Content starts

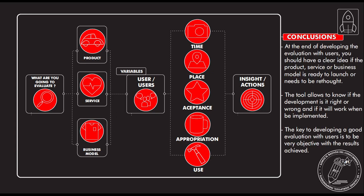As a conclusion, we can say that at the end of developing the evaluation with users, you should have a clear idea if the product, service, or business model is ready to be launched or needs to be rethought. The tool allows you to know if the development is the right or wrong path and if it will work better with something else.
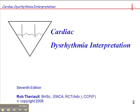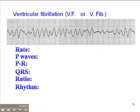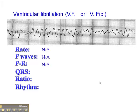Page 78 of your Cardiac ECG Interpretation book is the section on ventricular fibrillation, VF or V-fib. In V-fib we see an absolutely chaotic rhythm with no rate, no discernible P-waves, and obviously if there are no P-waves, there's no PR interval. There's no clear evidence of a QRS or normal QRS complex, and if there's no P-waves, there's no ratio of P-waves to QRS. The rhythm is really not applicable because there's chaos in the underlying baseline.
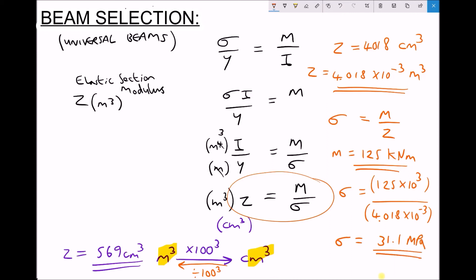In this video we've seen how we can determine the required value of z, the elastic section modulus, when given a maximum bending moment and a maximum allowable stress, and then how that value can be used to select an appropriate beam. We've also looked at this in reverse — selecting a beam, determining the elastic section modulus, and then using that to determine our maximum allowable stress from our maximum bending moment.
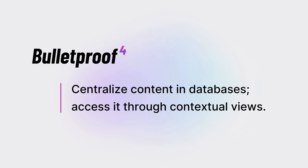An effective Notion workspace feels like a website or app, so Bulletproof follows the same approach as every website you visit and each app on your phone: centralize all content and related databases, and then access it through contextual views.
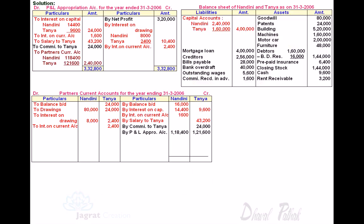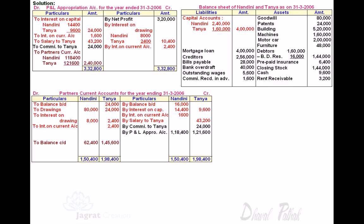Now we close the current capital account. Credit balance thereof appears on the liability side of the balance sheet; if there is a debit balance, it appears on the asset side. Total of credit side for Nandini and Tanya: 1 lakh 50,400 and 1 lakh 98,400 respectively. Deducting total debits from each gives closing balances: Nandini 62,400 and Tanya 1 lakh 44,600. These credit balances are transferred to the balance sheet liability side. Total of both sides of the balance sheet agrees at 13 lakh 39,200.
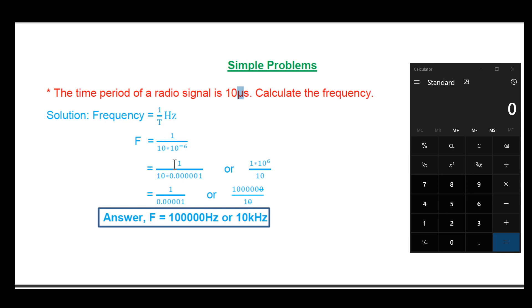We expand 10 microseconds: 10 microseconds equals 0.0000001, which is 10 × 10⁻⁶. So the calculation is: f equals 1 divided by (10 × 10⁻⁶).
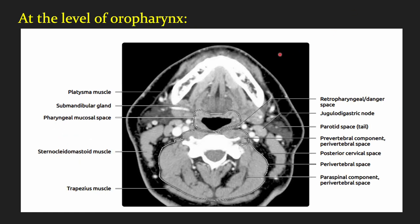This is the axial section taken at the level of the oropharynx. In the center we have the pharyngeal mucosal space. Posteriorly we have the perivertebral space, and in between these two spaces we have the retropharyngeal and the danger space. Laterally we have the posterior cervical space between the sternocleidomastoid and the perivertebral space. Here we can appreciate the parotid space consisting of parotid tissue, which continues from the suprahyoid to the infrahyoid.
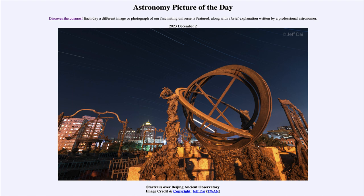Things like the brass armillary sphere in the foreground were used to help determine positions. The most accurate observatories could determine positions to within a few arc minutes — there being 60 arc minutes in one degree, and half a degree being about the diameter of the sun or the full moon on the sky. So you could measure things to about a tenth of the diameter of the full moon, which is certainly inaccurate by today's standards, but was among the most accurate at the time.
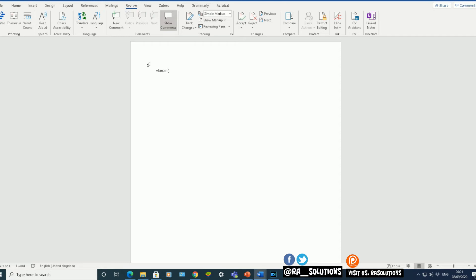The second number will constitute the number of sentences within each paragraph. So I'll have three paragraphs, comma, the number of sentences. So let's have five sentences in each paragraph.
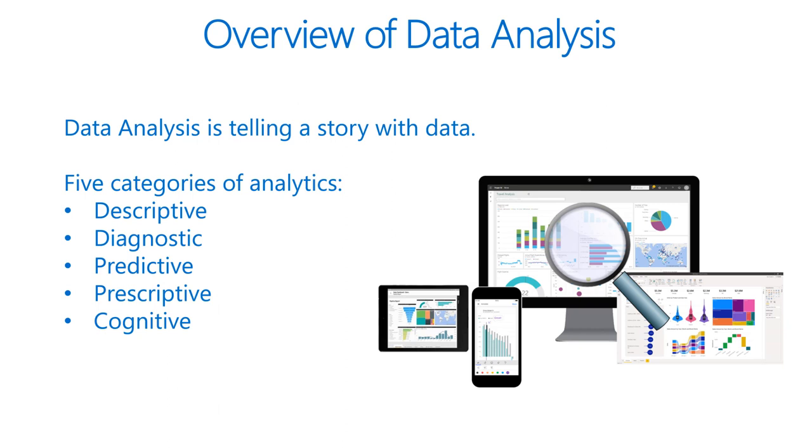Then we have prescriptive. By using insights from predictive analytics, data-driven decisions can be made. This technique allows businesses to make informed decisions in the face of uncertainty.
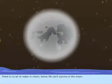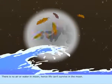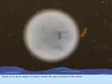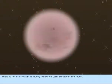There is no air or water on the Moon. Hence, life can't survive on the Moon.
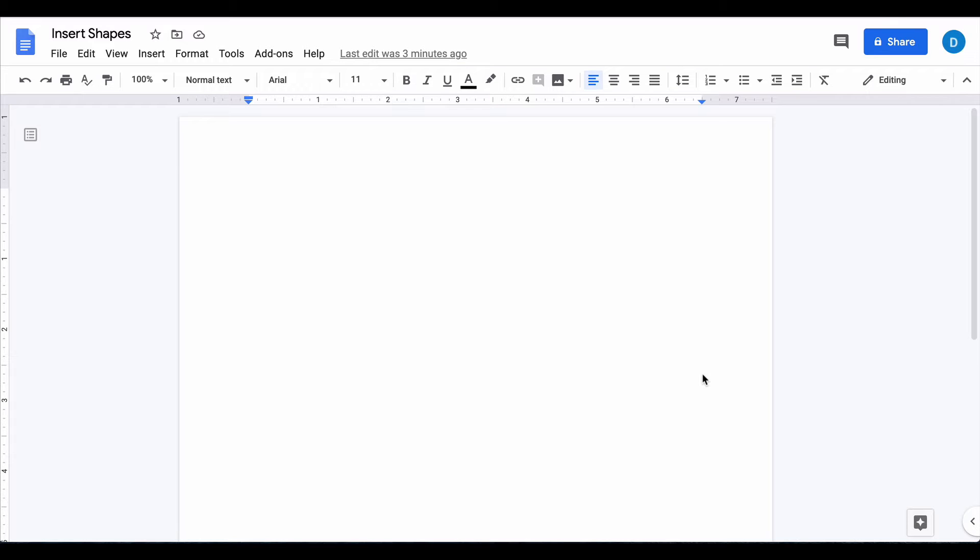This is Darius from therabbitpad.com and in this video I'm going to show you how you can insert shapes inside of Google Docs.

Content ends

TASK TO CARRY OUT:
Copy only this from above: the line containing "We expand 10", the line containing "This is the", and all lines between, printed exactly. Leave out the pictures.

WRITTEN SOLUTION:
We expand 10 microseconds: 10 microseconds equals 0.0000001, which is 10 × 10⁻⁶. So the calculation is: f equals 1 divided by (10 × 10⁻⁶).
This is the axial section taken at the level of the oropharynx. In the center we have the pharyngeal mucosal space. Posteriorly we have the perivertebral space, and in between these two spaces we have the retropharyngeal and the danger space. Laterally we have the posterior cervical space between the sternocleidomastoid and the perivertebral space. Here we can appreciate the parotid space consisting of parotid tissue, which continues from the suprahyoid to the infrahyoid.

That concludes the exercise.